Molecular mechanisms in neurodevelopmental disorders


​Neurodevelopmental disorders are identified by clinical traits and, increasingly, by their genetic cause. Yet, the biological mechanisms behind many of these disorders remain poorly understood. This limitation hampers our capacity to devise targeted therapies that could enhance functionality beyond merely alleviating symptoms.

We continue to characterize the molecular and cellular architecture of primary human healthy and pathological tissues with spatial and temporal specificity. These data offer a framework for understanding the connections between candidate genes and diseases. They also act as a reference point for assessing in vitro models and investigating the biological mechanisms behind the clinical, molecular, and cellular characteristics of neurodevelopmental disorders.

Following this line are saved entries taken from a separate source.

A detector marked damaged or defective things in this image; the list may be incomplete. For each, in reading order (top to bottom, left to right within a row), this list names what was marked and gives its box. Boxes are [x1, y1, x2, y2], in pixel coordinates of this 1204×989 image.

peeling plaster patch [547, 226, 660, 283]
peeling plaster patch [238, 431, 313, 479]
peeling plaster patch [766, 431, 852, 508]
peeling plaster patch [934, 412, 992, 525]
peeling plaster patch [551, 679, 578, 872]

Neurovascular regulation in neurodevelopmental disorders

Developmental brain anomalies are often assumed to be due to direct effects on neurons. However, we have identified mutations in genes with critical functions in the neurovascular unit in pediatric patients with neurological disease. Our exome sequencing analysis of patients with structural cerebellar abnormalities found that cerebellar malformations are features of rare, single gene neurodevelopmental disorders, confirmed a major contribution for non-genetic prenatal risk factors in their etiology, and found that the expression of cerebellar malformation genes is concentrated in limited cell types of the developing human cerebellum, including neuronal progenitors and endothelial cells.


We are using high-content imaging to visualize the microvascular network in primary tissue and introducing patient-derived variants into iPSCs to investigate the differential contributions of rare gene variants to neuronal and vascular development of the cerebellum.​​


Preclinical development for precision therapeutics of developmental brain disorders


Microtubule-associated serine/threonine kinases (MAST) are large enzymes that share a domain of unknown function (DUF1908), a serine-threonine kinase (STK) domain, and a postsynaptic density protein-95/discs large/zona occludens-1 domain (PDZ). Several of the MAST family members are newly recognized as developmental brain disorder genes, but little is known about these genes’ properties and functions.


Our research focuses on deciphering the role of MAST4 in brain development, the impact of MAST4 mutations to the developing brain, defining the MAST4 interactome, and model development for preclinical research.